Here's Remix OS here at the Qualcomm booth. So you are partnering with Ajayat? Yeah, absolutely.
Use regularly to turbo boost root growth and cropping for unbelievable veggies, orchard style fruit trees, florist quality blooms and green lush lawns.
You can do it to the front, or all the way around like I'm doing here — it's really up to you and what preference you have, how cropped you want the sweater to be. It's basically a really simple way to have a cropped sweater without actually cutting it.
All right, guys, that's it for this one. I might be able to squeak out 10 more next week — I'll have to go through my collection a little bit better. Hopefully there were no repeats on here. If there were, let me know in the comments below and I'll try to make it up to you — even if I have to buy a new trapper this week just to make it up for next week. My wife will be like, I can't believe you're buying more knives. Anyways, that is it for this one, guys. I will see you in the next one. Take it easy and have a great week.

==

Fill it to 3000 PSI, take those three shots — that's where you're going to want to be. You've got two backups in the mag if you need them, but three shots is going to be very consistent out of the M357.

---

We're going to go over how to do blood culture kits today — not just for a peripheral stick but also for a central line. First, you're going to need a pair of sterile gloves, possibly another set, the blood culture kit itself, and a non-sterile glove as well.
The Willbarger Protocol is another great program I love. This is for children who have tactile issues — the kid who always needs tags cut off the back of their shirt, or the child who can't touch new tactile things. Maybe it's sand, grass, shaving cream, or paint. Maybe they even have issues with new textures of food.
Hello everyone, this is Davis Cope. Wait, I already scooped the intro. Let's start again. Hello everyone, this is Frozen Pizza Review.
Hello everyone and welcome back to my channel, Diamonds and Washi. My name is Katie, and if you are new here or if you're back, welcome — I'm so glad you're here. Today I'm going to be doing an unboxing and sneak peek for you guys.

▸ **ACTION ITEM**
Using the entries above, give back exactly the line containing "Use regularly to", the line containing "All right, guys, that's", and every line between them, and nothing else.

▸ **WRITTEN SOLUTION**
Use regularly to turbo boost root growth and cropping for unbelievable veggies, orchard style fruit trees, florist quality blooms and green lush lawns.
You can do it to the front, or all the way around like I'm doing here — it's really up to you and what preference you have, how cropped you want the sweater to be. It's basically a really simple way to have a cropped sweater without actually cutting it.
All right, guys, that's it for this one. I might be able to squeak out 10 more next week — I'll have to go through my collection a little bit better. Hopefully there were no repeats on here. If there were, let me know in the comments below and I'll try to make it up to you — even if I have to buy a new trapper this week just to make it up for next week. My wife will be like, I can't believe you're buying more knives. Anyways, that is it for this one, guys. I will see you in the next one. Take it easy and have a great week.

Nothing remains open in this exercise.